FDIC advances bank merger proposal

The agency submitted its request for information — which asks whether banks should bear the burden of proof in merger applications and how much input the CFPB should have in approving deals — to the Federal Register.
Bloomberg News

The Federal Deposit Insurance Corp. has set the wheels in motion to publish its request for information on bank merger policy, putting the policy fight that led to the resignation of former Chair Jelena McWilliams back on the front-burner and eliciting a new round of industry reaction.

On Friday the agency said it has sent its proposal to the Federal Register for publication and will allow 60 days for public comment. The FDIC board had approved the request for information in December, but it’s not official until published.

Since the board’s 3-0 vote in December, the agency conducted a final technical review before formalizing the request, according to FDIC staff. The vote occurred amid a power struggle between McWilliams — a Republican appointee — and Democrats on the board, including now acting Chair Martin Gruenberg and Consumer Financial Protection Bureau Director Rohit Chopra. McWilliams stepped down from the agency in February.

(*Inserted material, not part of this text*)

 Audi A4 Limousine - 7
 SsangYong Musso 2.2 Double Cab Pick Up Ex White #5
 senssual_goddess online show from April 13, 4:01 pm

“Even though the vote was taken in December, they won’t start collecting comments until it’s published in the Federal Register,” said Todd Phillips, director of financial regulatory and corporate governance at the Center for American Progress. “This allows the public to comment and to get this whole process going.”

What’s in the RFI

Among the questions raised by the FDIC in its request for information are whether regulators should give more consideration to financial stability risks posed by larger bank mergers, and whether the CFPB should have the power to weigh in on merger applications.

The document gives $100 billion as a hypothetical asset threshold that would trigger greater scrutiny: “Should the FDIC presume that any merger transaction that results in a financial institution that exceeds a predetermined asset size threshold, for example $100 billion in total consolidated assets, poses a systemic risk concern?”

The request also solicits feedback on whether agencies should rethink the way they consider if a merger would affect the convenience and needs of a community.

Notably, it asks if the current merger review framework should impose “an appropriate burden of proof” on banks to prove proposed mergers would be legal.

Will other bank regulators join in?

The FDIC’s move, cheered publicly by the CFPB, was not joined by the Office of the Comptroller of the Currency nor the Federal Reserve.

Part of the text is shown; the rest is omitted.